→ **Collected material**:
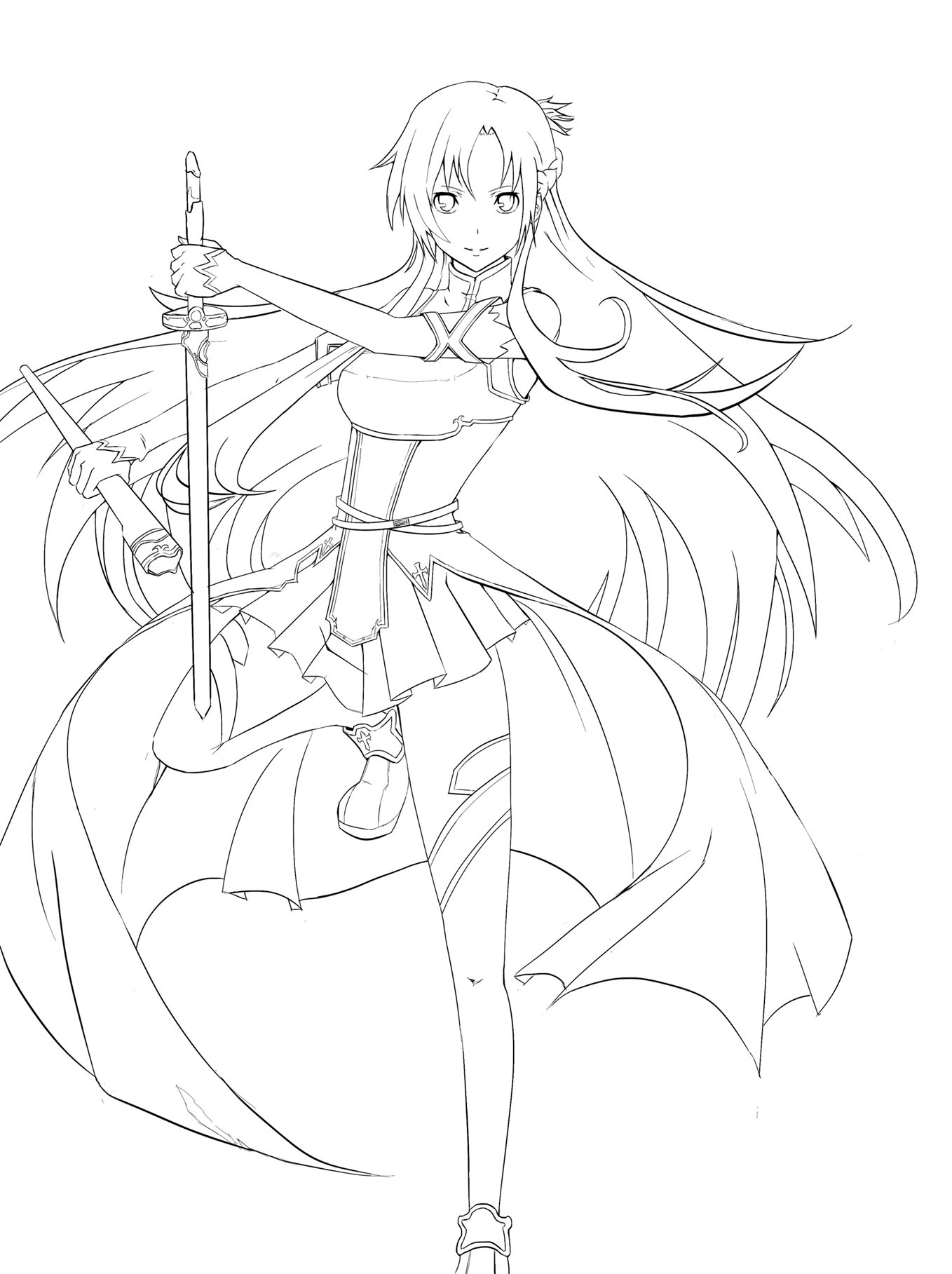 1358x1817 Sword Art Online Coloring Pages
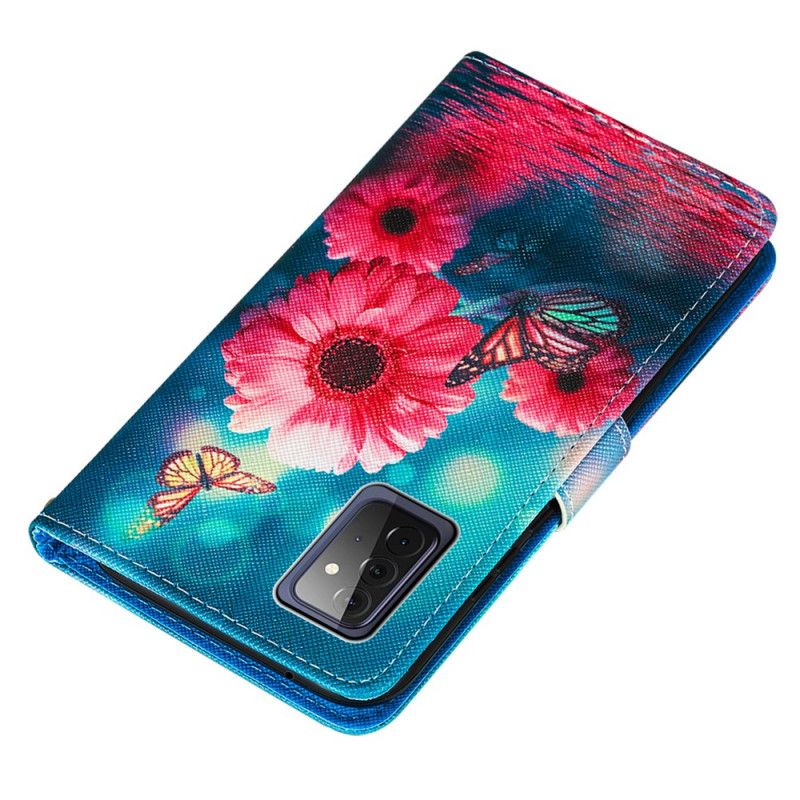 Folio Deksel Samsung Galaxy A72 4G / A72 5G Blomster Og Sommerfugler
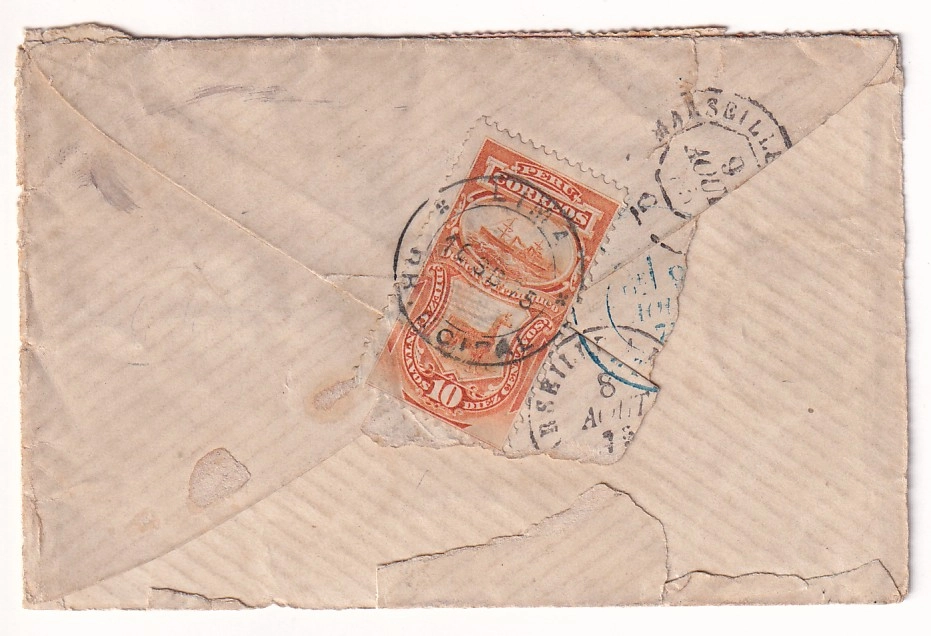 1 AFFRANCHISSEMENT MIXTE FRANCE PEROU N°38 54 57 GC 1459 EYGUIERES BOUCHES DU RHONE AU RECTO TIMBRE PEROU 10C CAD LIMA 1875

→ **What to work on**:
Pictures stay out; the data above is to be returned exactly.

→ **Solution to the problem**:
 1358x1817 Sword Art Online Coloring Pages
 Folio Deksel Samsung Galaxy A72 4G / A72 5G Blomster Og Sommerfugler
 1 AFFRANCHISSEMENT MIXTE FRANCE PEROU N°38 54 57 GC 1459 EYGUIERES BOUCHES DU RHONE AU RECTO TIMBRE PEROU 10C CAD LIMA 1875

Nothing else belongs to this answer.